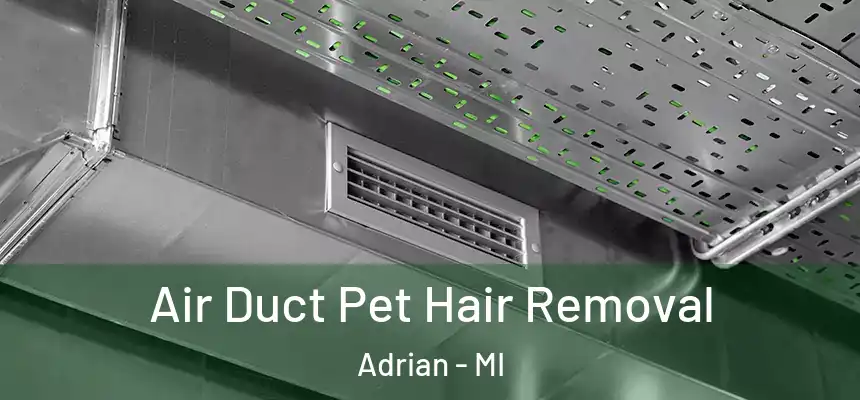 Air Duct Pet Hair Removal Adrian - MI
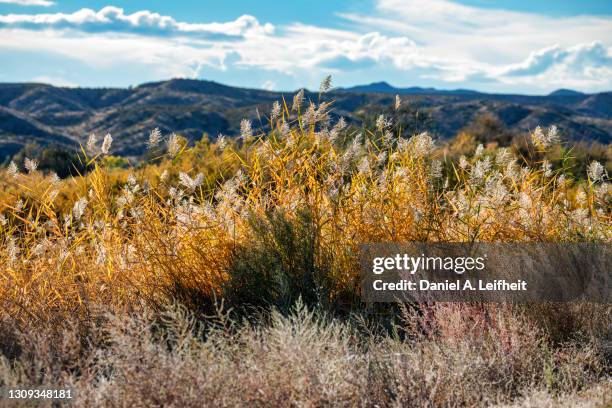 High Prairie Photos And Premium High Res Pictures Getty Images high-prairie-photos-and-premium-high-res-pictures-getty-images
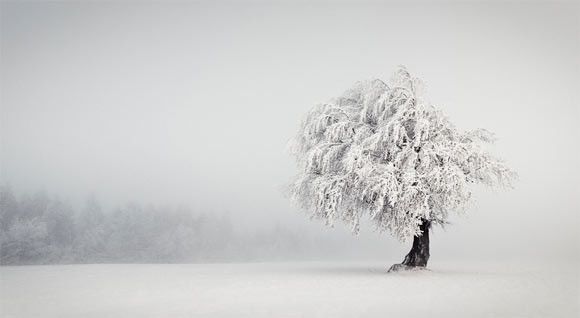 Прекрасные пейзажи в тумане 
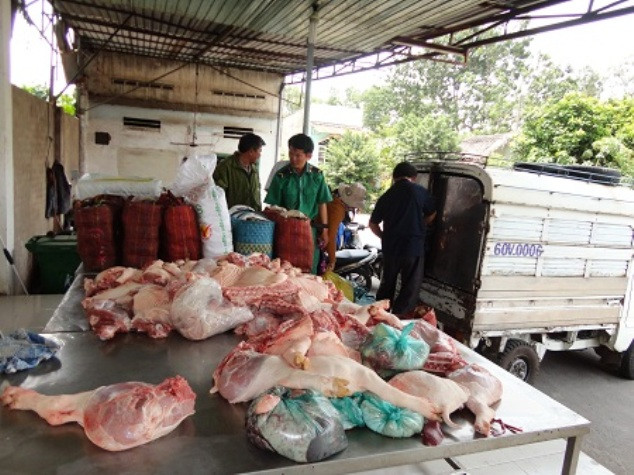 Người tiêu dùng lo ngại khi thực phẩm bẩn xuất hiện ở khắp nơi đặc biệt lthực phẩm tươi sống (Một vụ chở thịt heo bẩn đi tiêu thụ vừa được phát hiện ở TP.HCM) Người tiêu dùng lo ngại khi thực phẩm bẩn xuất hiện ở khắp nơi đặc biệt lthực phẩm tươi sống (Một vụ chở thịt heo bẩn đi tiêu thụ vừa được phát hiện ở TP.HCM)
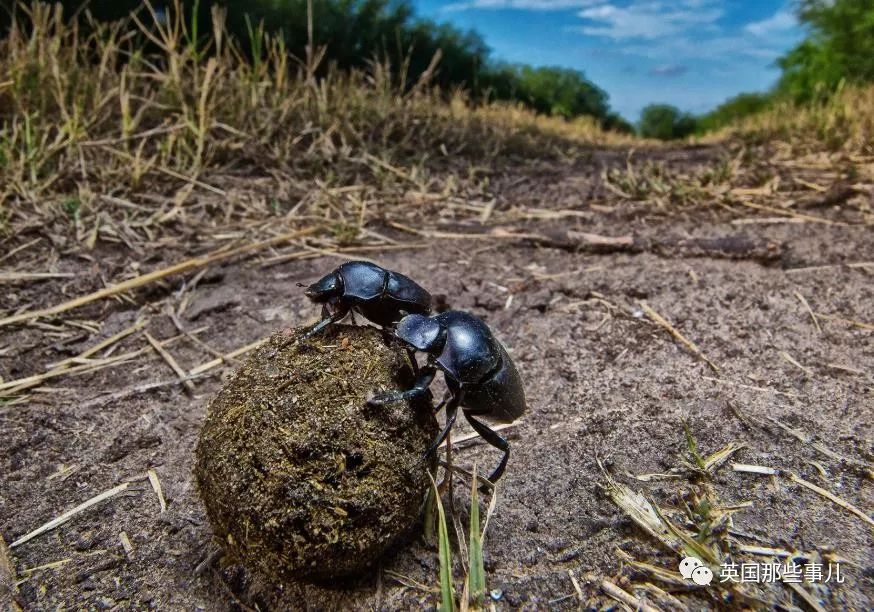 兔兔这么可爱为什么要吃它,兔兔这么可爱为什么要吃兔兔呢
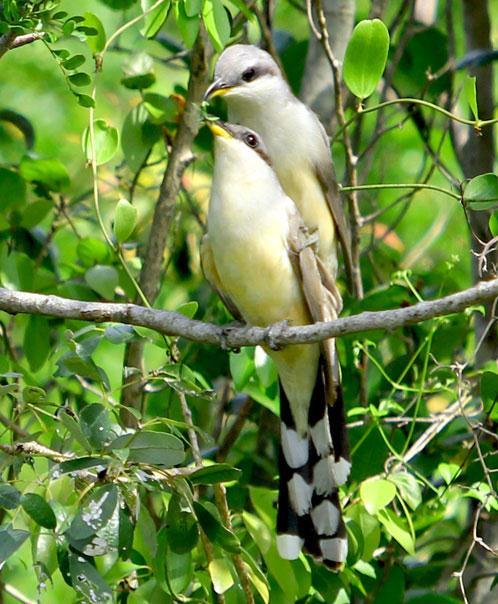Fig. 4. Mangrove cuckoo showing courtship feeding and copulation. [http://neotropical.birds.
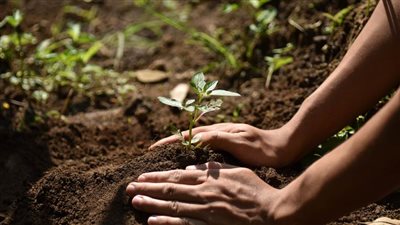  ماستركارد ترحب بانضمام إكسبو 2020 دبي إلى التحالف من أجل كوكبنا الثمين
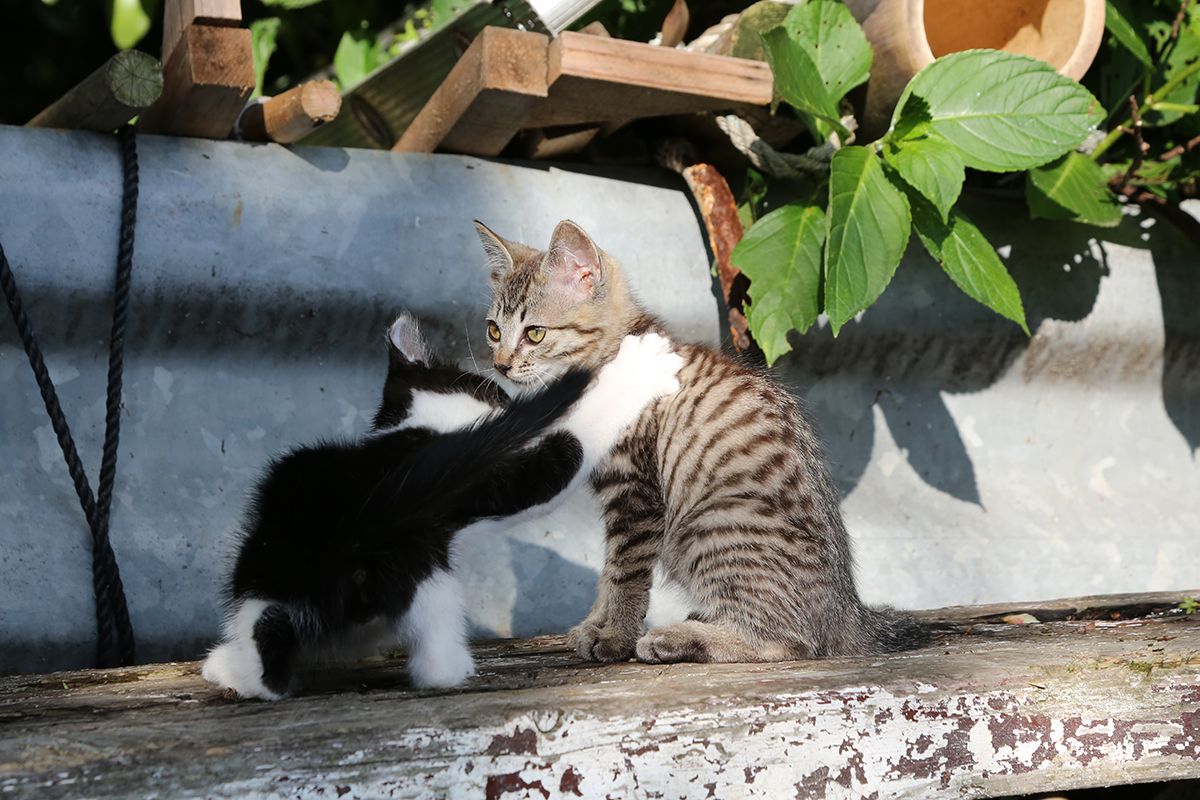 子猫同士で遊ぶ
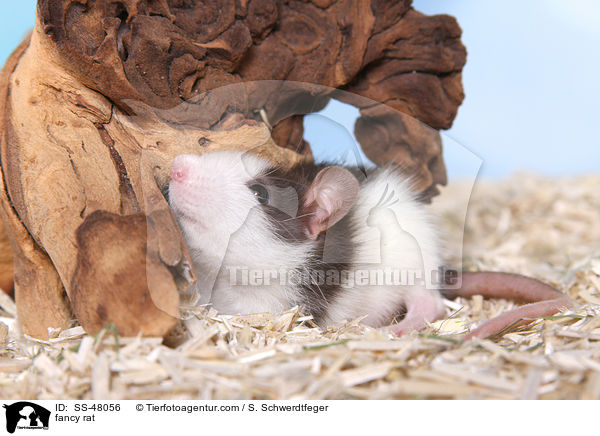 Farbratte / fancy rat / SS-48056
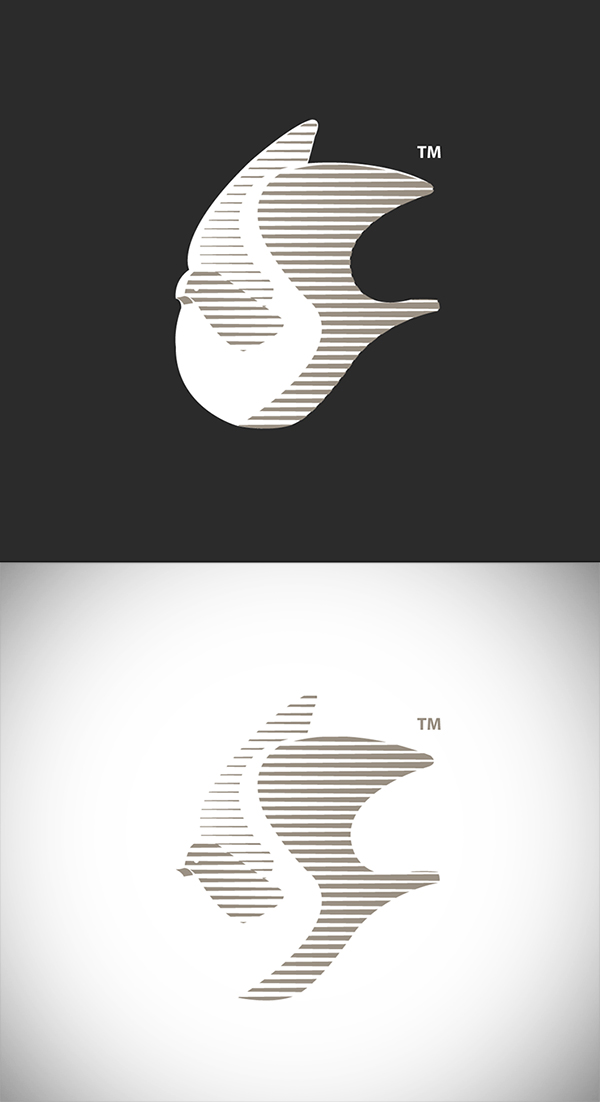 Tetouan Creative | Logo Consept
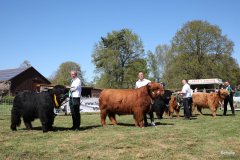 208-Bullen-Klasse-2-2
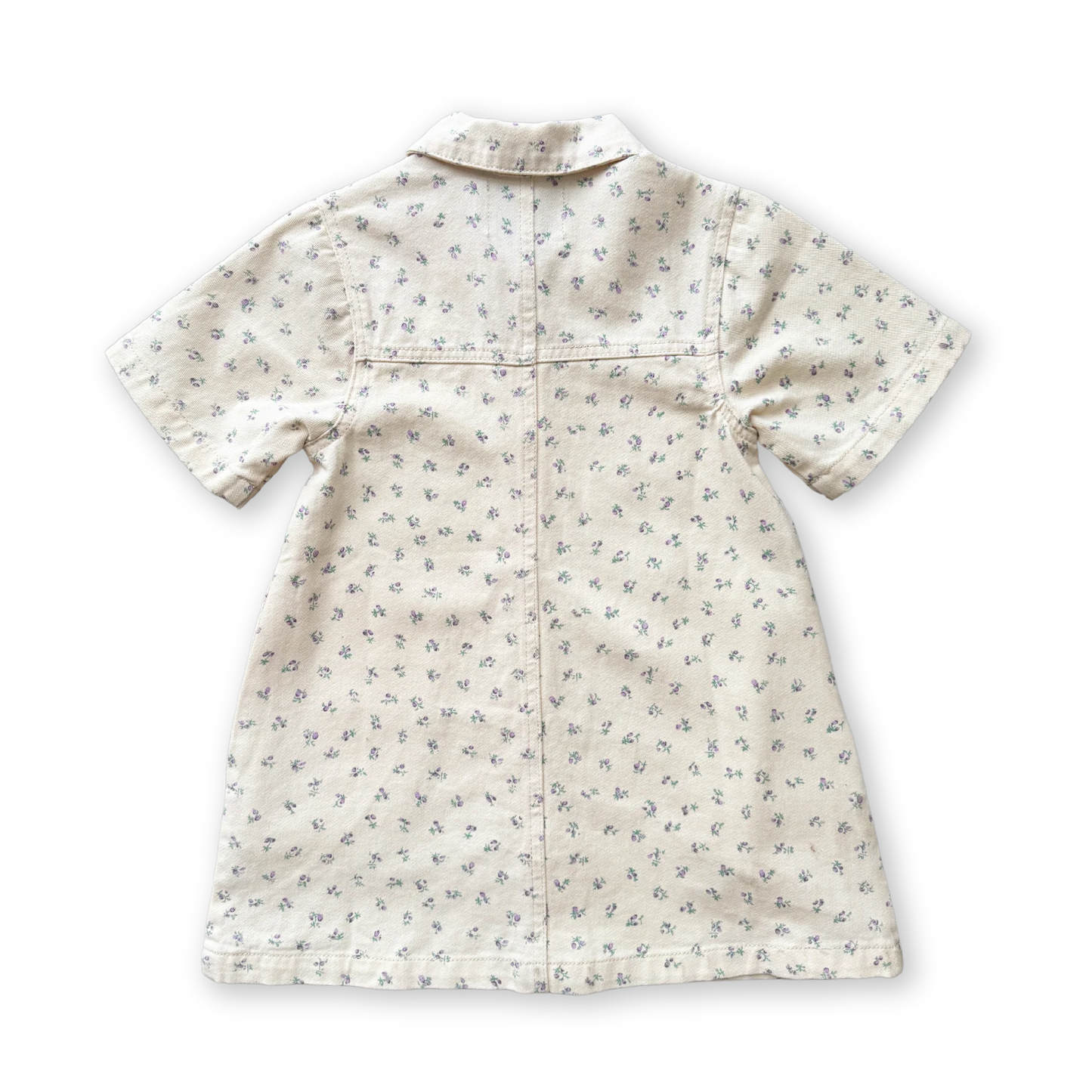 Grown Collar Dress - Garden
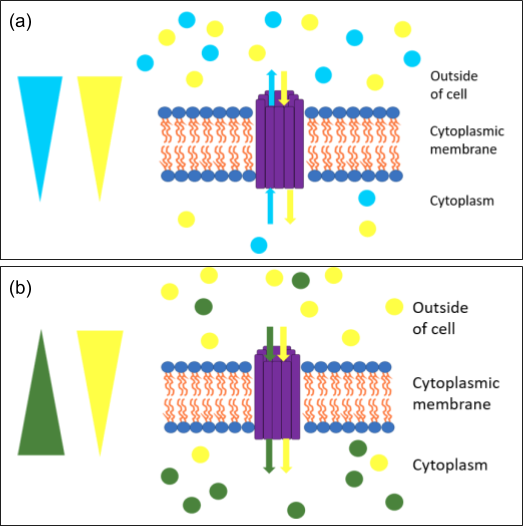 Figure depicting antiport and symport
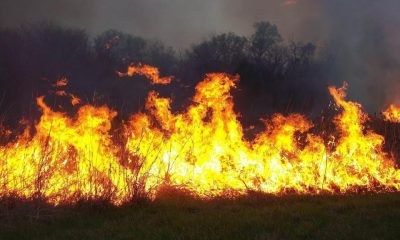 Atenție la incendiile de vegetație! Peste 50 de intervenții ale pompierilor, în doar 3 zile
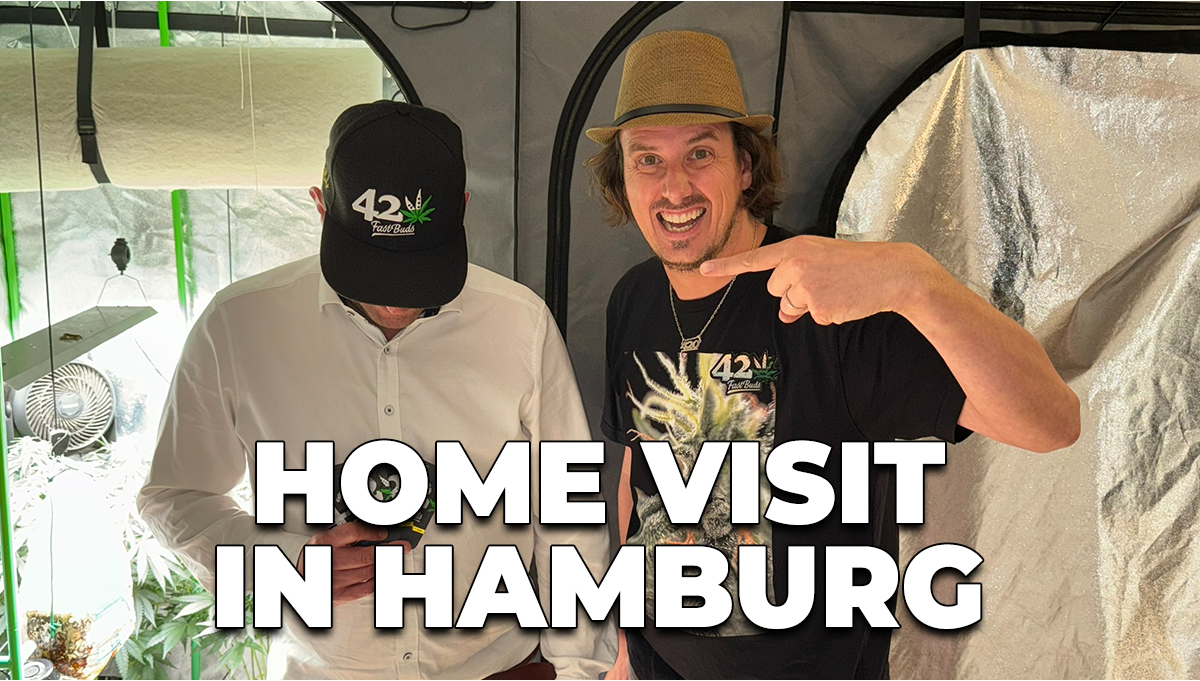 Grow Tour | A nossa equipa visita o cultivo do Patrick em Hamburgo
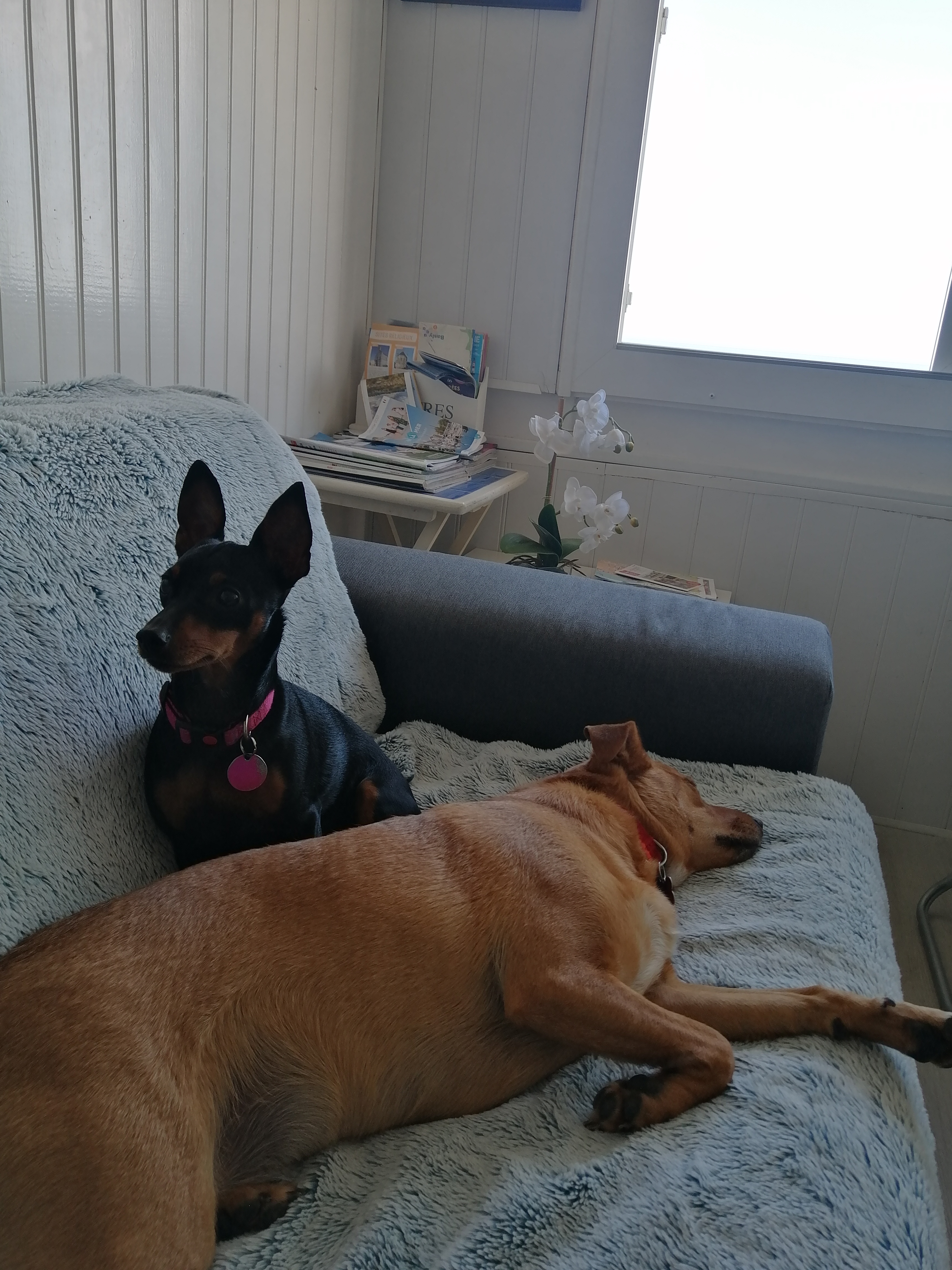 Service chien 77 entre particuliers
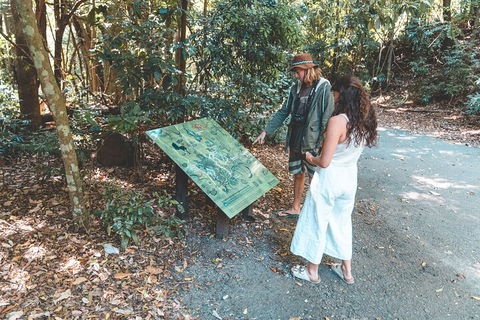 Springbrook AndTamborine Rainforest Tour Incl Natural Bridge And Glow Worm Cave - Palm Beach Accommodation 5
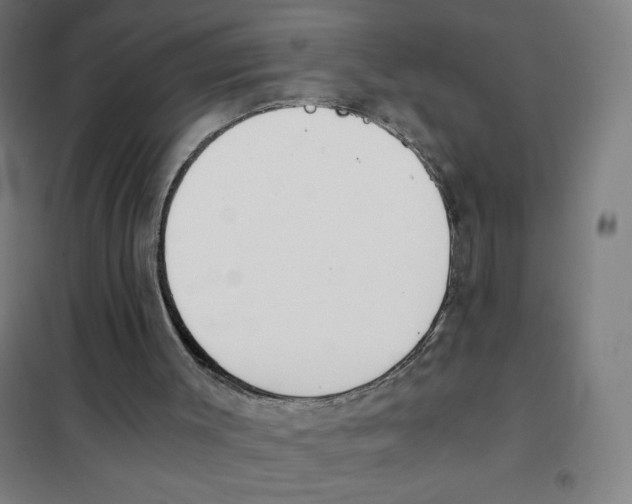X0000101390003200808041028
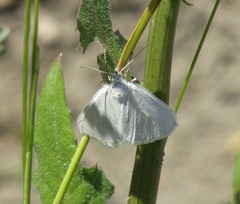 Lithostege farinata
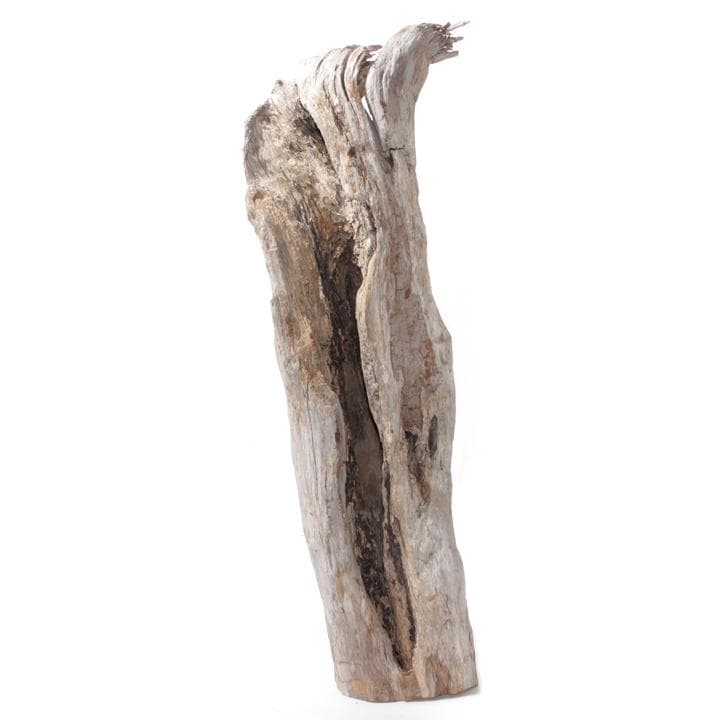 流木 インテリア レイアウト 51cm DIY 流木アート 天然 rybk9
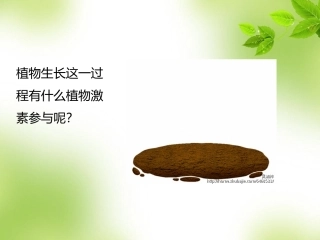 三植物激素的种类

**Required action:** Set down word for word the lines beginning with the one containing "X0000101390003200808041028" and ending with the last line of the listing, inclusive. Omit every picture.

**Output of the exercise:**
X0000101390003200808041028
 Lithostege farinata
 流木 インテリア レイアウト 51cm DIY 流木アート 天然 rybk9
 三植物激素的种类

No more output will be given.